Check which lines of the entries that follow hold "Hair", then give the number of those lines and nothing more.

---- Data in this exercise

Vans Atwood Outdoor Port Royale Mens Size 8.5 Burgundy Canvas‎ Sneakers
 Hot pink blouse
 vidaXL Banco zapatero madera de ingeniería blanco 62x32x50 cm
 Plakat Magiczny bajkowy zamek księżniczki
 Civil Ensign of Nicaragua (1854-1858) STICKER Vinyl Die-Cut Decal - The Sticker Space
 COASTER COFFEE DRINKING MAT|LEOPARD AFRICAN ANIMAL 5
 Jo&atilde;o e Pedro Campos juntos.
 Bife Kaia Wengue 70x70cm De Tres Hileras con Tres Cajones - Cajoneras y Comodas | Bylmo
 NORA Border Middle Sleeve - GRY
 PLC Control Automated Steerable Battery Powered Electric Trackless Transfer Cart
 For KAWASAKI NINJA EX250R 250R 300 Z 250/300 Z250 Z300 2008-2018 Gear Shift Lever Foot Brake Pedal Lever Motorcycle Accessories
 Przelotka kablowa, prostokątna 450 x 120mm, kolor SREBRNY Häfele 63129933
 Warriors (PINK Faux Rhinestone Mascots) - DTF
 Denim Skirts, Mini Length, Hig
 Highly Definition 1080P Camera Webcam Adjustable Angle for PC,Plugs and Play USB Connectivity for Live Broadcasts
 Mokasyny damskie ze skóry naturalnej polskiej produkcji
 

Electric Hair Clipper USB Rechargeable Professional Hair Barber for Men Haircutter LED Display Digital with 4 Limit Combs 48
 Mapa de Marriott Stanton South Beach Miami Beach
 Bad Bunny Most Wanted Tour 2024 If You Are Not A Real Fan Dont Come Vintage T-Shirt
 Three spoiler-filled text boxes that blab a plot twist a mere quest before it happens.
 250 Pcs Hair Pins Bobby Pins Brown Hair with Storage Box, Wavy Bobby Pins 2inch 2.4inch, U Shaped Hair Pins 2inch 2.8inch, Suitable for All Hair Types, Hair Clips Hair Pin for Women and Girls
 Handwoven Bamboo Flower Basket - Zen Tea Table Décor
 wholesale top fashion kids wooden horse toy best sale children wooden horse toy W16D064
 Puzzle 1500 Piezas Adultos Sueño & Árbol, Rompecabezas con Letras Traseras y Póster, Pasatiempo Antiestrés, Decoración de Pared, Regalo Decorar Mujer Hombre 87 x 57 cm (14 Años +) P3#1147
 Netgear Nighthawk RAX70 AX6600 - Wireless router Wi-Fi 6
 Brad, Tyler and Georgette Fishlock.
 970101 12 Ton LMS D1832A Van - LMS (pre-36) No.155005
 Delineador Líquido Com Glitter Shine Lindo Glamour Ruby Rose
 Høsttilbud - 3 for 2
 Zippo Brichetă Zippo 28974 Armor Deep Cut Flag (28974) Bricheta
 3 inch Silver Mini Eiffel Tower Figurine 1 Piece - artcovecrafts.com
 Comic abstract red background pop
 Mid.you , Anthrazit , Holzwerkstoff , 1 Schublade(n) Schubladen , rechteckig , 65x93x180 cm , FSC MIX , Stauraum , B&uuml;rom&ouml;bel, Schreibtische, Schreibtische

--------

Solved problem:
2